Saved data entries:
※
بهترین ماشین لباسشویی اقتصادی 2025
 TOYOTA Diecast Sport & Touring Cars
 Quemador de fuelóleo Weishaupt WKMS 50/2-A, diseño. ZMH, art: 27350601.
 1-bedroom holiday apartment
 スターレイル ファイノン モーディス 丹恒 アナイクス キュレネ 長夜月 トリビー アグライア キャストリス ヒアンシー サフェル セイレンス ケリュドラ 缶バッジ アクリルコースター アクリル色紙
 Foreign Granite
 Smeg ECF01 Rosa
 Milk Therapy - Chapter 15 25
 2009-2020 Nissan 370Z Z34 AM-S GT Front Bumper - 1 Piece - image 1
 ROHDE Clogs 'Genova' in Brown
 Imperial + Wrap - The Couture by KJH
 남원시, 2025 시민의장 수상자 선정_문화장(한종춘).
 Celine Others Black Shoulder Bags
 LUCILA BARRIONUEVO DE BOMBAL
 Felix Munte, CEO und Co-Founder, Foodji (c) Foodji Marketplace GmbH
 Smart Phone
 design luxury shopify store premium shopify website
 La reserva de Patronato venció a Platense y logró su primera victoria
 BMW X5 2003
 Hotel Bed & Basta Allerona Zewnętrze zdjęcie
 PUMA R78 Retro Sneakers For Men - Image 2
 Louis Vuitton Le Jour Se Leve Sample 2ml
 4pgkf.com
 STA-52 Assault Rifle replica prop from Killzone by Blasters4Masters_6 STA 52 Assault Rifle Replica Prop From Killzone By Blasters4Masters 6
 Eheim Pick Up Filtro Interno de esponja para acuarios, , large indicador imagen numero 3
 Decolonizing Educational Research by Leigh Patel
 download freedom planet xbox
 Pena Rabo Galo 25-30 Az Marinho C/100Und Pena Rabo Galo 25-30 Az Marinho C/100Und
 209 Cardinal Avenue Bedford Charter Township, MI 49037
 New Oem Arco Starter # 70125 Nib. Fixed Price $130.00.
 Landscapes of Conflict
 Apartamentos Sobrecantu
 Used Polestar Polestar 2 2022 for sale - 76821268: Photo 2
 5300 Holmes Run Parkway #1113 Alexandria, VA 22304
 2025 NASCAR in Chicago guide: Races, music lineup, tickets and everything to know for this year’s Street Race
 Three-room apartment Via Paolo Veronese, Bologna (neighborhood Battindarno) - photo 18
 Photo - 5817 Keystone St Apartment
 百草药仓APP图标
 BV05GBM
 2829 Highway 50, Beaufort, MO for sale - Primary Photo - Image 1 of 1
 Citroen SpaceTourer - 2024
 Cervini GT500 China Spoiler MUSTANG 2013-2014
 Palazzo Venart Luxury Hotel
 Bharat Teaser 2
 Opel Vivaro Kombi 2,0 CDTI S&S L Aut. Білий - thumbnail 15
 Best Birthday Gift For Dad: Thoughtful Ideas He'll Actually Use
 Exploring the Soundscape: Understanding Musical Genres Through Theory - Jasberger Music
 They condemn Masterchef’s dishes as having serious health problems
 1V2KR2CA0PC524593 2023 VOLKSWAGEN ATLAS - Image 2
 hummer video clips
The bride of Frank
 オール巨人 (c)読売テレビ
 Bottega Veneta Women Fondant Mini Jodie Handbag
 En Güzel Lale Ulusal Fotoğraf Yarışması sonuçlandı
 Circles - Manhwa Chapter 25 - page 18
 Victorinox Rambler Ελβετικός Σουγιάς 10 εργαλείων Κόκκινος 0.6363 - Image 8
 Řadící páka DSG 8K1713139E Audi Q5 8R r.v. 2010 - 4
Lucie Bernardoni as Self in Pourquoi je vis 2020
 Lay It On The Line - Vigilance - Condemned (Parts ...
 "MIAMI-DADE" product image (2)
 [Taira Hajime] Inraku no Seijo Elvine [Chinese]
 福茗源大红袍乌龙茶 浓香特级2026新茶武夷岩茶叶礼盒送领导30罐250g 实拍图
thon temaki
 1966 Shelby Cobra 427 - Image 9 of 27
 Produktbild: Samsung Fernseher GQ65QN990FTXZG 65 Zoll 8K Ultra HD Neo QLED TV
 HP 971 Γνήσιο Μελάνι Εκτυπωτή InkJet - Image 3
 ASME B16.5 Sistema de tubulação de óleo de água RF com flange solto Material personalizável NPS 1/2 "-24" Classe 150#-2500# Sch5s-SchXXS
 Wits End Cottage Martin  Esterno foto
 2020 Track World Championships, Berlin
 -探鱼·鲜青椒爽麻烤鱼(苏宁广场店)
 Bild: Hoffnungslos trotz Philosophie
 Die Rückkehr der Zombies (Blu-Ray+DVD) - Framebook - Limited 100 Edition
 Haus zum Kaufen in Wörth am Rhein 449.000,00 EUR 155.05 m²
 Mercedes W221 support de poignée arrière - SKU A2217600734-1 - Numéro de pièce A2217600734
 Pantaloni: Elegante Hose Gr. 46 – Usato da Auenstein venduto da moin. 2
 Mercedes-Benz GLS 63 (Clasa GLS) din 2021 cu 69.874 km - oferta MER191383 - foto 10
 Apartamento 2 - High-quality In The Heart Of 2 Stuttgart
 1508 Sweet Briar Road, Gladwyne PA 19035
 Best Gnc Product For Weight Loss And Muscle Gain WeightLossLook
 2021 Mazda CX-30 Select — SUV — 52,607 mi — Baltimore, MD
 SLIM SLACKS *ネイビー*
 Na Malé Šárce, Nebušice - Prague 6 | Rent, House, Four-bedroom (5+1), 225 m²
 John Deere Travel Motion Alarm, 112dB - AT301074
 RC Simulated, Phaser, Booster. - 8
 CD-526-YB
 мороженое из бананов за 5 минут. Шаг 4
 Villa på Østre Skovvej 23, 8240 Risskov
※
What you are asked to do: Copy every line of the data above in which the string "Hotel" appears.

Response box:
 Hotel Bed & Basta Allerona Zewnętrze zdjęcie
 Palazzo Venart Luxury Hotel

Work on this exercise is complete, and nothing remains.